For the past two years, I've used Safeway.com's "2-hr turkey" recipe that was developed by Sunset magazine--it's excellent. You can get the recipe online or at the store free. You basically grease the turkey, leave it empty(no dressing, sorry) and put it into a 475 degree oven--sounds crazy but it is juicy and saves tons of my time! I used to baste every 20 min for about 6 hrs! Crazy use of my time.
I change their recipe a bit, as I use a mix of butter(I like the taste) w/ their recommended olive oil, and I use more spices than just salt n' pepper. You tend to have to microwave the hindquarter joint (drum/thigh) for a few extra minutes (3-5) as it's a tiny bit pink.
Also, sometimes huge packs of drums (very tendony) go on sale for around 79cents all year, I season them, layer them in my large crock pot, pour a cup of water on top, and cook them on low all night. The next morning our house smells great, and once cool enough, the meat slips from bone, tendons (yuck)/cartilage, and skin. I pack up this dark meat (I like it better than white) and freeze it, along w/ the great broth. I use it for bunches of recipes or sandwiches(hot turkey sands w/ mashed and gravy, anyone?), but our family favorite is homemade turkey pot pies. Some finely chopped onion, peas/carrots/potatoes, turkey meat, and white sauce made from a butter roux and lots of pepper and salt, put into small individual dishes w/ it's own pie crust and baked...yum!
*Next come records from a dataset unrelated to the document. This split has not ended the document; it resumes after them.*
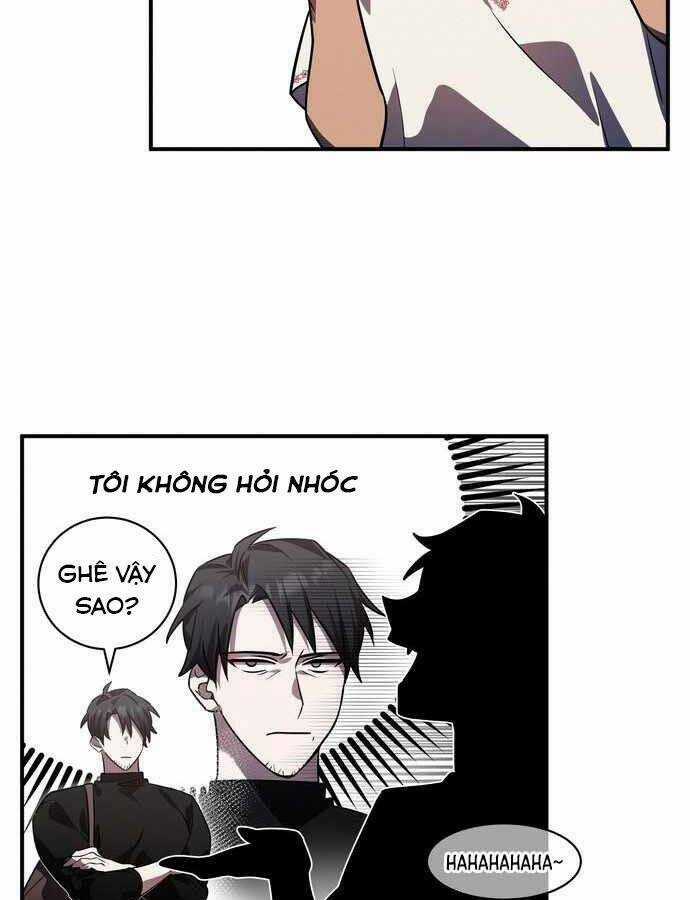 Anh Hùng, Ác Quỷ Và Kẻ Phản Diện Chapter 7 trang 15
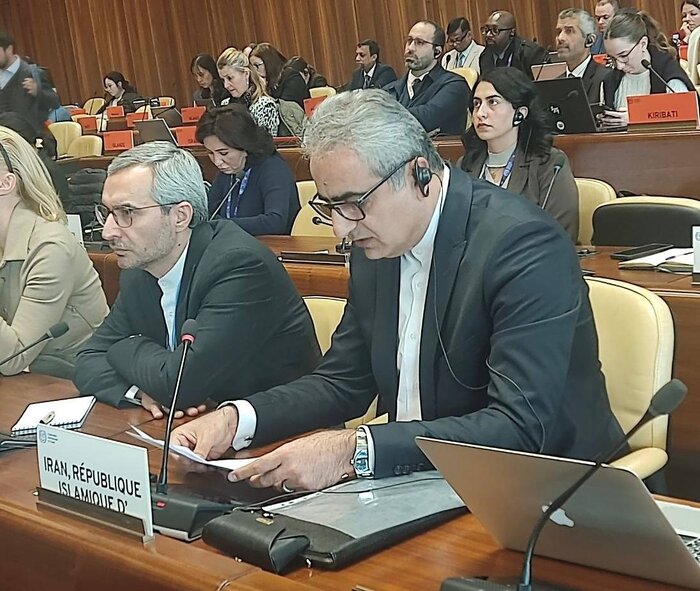 خبرگزاری آریا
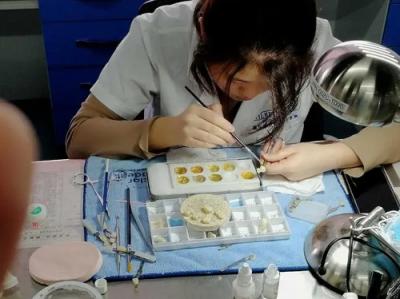 Full Service Chinese Dental Lab - Shenzhen Other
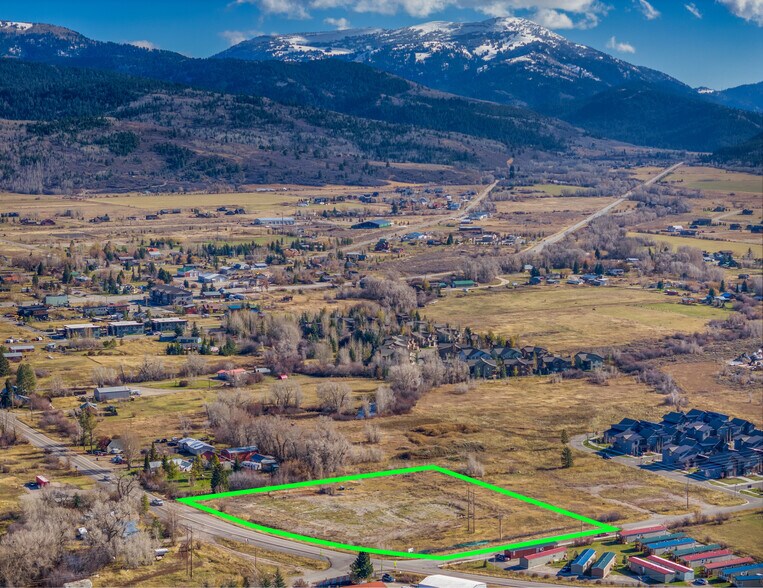 More Photos Of 268 Center st, Victor Land For Sale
To T&T Grandma Thank- you so much for the great idea. Best one by far. I'm definitely going to do this. Thanks again & Happy holidays
When my sister in law isn't around to pick the bones for me, I like to buy just the breast. More meat, less bones.
We only buy a turkey breast for Thanksgiving and/or Christmas. That way, we don't have so much turkey left over. I make enough cornbread dressing for a couple of meals and that's it. This year on Thanksgiving we will be having my husband's birthday dinner as well. It's his birthday. So a sugar free birthday cake is in order.
My mom buys 6 or 8 additional turkeys every year when they go on sale. She gets our family together several months out of the year and we have a turkey feast and family reunion. We all love having a "Thanksgiving Dinner" in July and it is a cheap way for Mom to feed us all.